Mother’s Day this year was kind of a Mother’s Day weekend. Saturday, I took Olivia to swimming lessons and then we met my parents and sister at an outdoor craft fair. Olivia loves craft fairs and I had to tell her repeatedly not to touch the breakables or walk off with something to go show her auntie.
We each bought scrunchies from this booth where the mom told us that her daughter was the one that sewed all of them. She got a scrunchie with a zipper that you could store things in.
Then we went to my sister’s house that evening (Chris ended up staying home with Emelia since she developed a fever in the afternoon when I was putting her down for a nap). My brother-in-law made ribs and burgers and it was nice enough to sit outside. We got a Mother’s Day picture with my mom but since Emelia wasn’t there, I didn’t get a picture with my daughters.
I told Chris and Olivia several times that evening that for Mother’s Day, I wanted to sleep in, so don’t wake me up early.
She ended up coming into my room at 8:20 saying Dad sent her in and did I want doughnuts and coffee? (He must have decided that was long enough to sleep in even if I didn’t agree)
I had actually bought these delicious lemon-glazed doughnuts the day before and they were so good! Olivia, as is now tradition, had breakfast in bed with me. Though she ditched me as soon as she was done to go watch cartoons downstairs.
We saw this very strange bird outside the bathroom window. I had never seen anything like it. A reverse Google search told me this was a Sora.
Chris’s gift to me this year is my breast milk jewelry, but it’s something I need to still order. But the girls both made me gifts from school. Olivia did a little canvas painting wrapped in this pretty paper. My mom was right, the best Mother’s Day gifts are the ones that are homemade.
Baby Emelia gave me this little plant with her handprints and Friday when Chris had picked up Olivia from school, they both brought me home these flowers.
It was humid, dreary, and rainy out, so we didn’t get an official Mother’s Day photo, but I did get a few right before bed.
And look! My Niffler Build-a-Bear I bought myself for Mother’s Day came. (Olivia wanted a photo of her with her pink hair clip)
Two years ago, I cried on Mother’s Day. Last year was the first one I didn’t. Maybe this year I was feeling…a little indifferent? Plus it was shitty weather, the baby had a fever, and we just basically sat inside watching TV and Chris took a 3 hour run.

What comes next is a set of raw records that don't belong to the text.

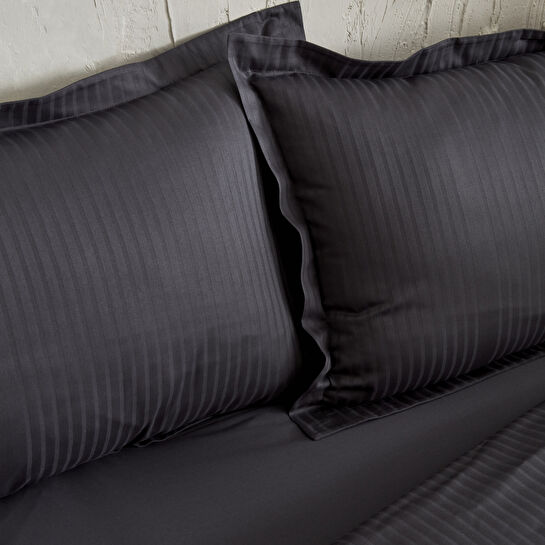 Karaca Home Uniq %100 Pamuk Saten King Size Nevresim Takımı Antrasit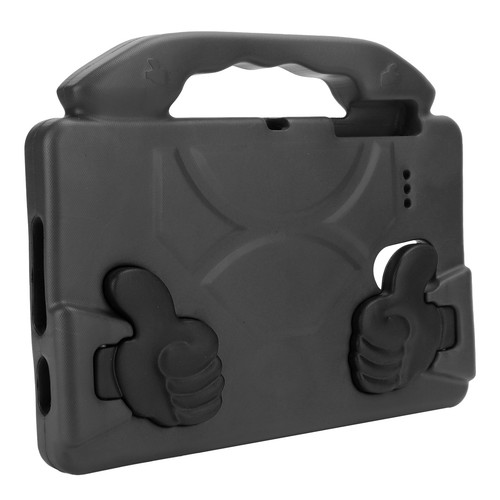 Black tablet shockproof case - black,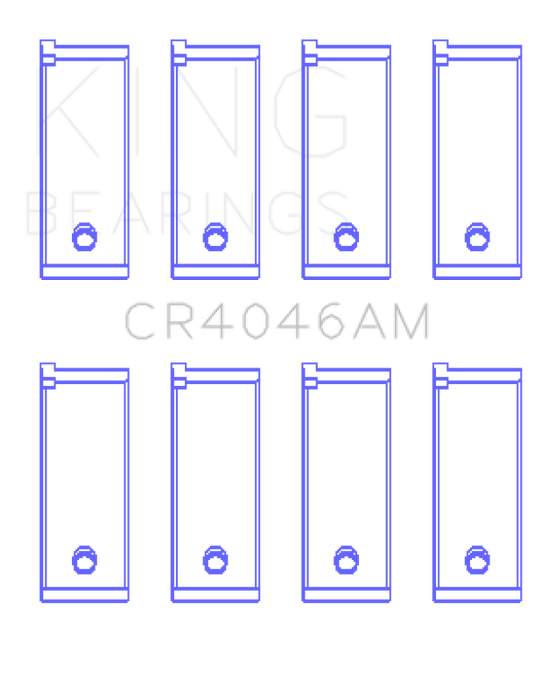 King Engine Bearings Honda D16A/D16Y/D16Z Rod Bearing Set - Size +0.25mm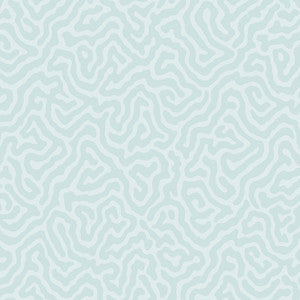 Coral Print Room Blue by Cole & Son Wallcovering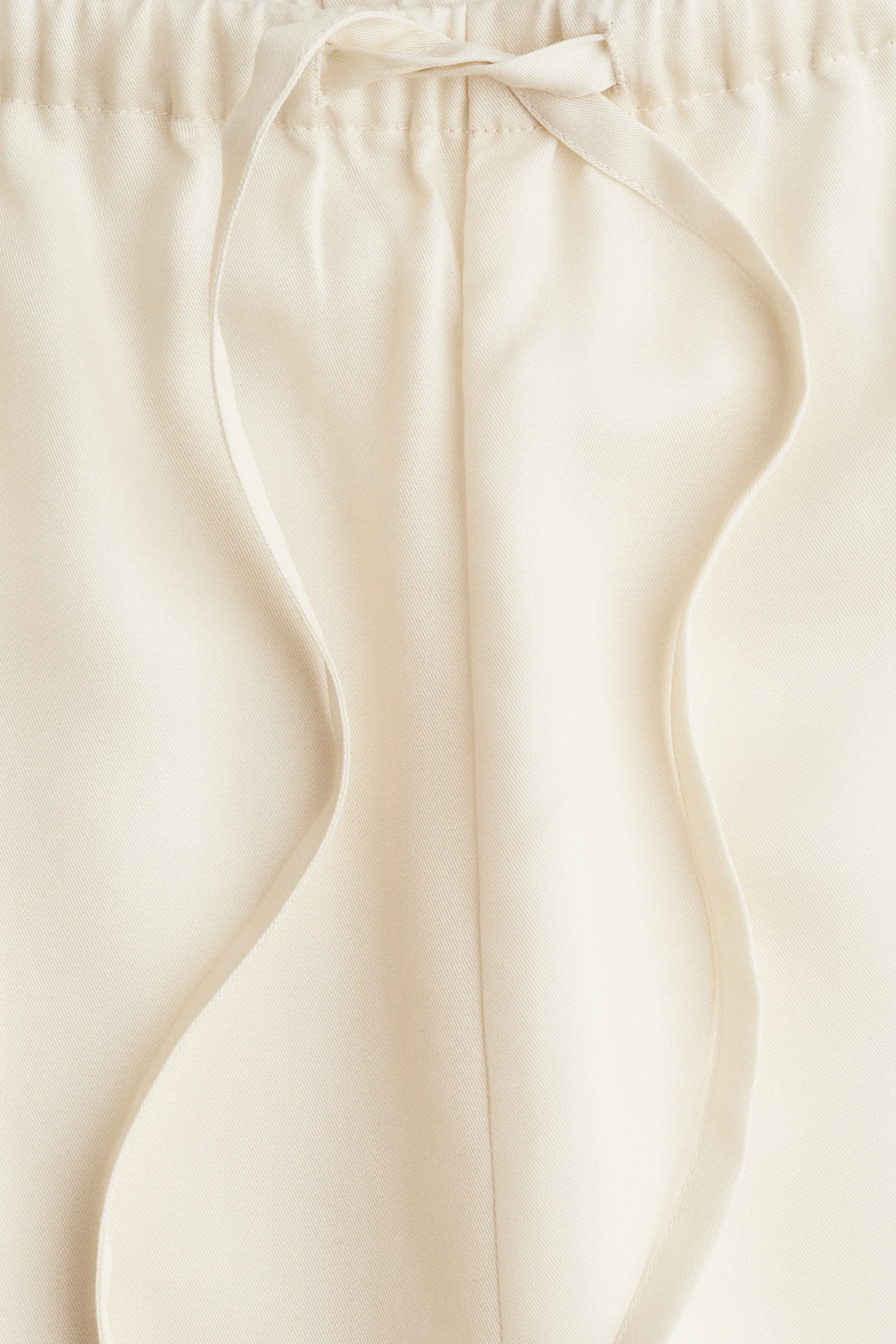 Pantalon imprimé avec cordon de serrage - Crème/fleuri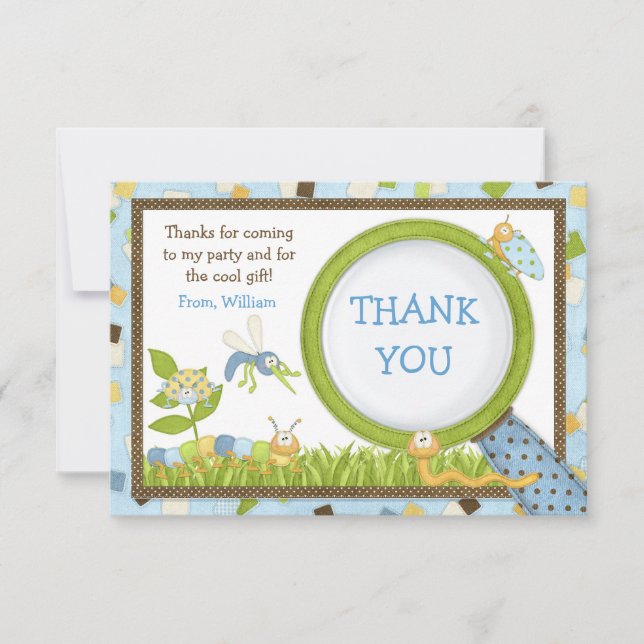 Cute Bugs Birthday Party Invitation (Front)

I did choose to make shrimp fettuccine alfredo which is Olivia’s favorite meal on the planet with Caesar salad and garlic bread and that was delicious. I texted a friend who is struggling with infertility and said I was thinking about her on the shittiest of holidays. I was lying in bed when I sent it and got this overwhelming feeling of grief, pain, sadness, panic, whatever it was, I can’t really explain it. And then it was gone and I went downstairs to crochet and watch TV with Chris after the babies were put to bed.
8:20 lie-in, love the way people interpret it differently! I would definitely have been thinking it would last a little longer. Big hugs for all the joys and sorrows this complicated day brings.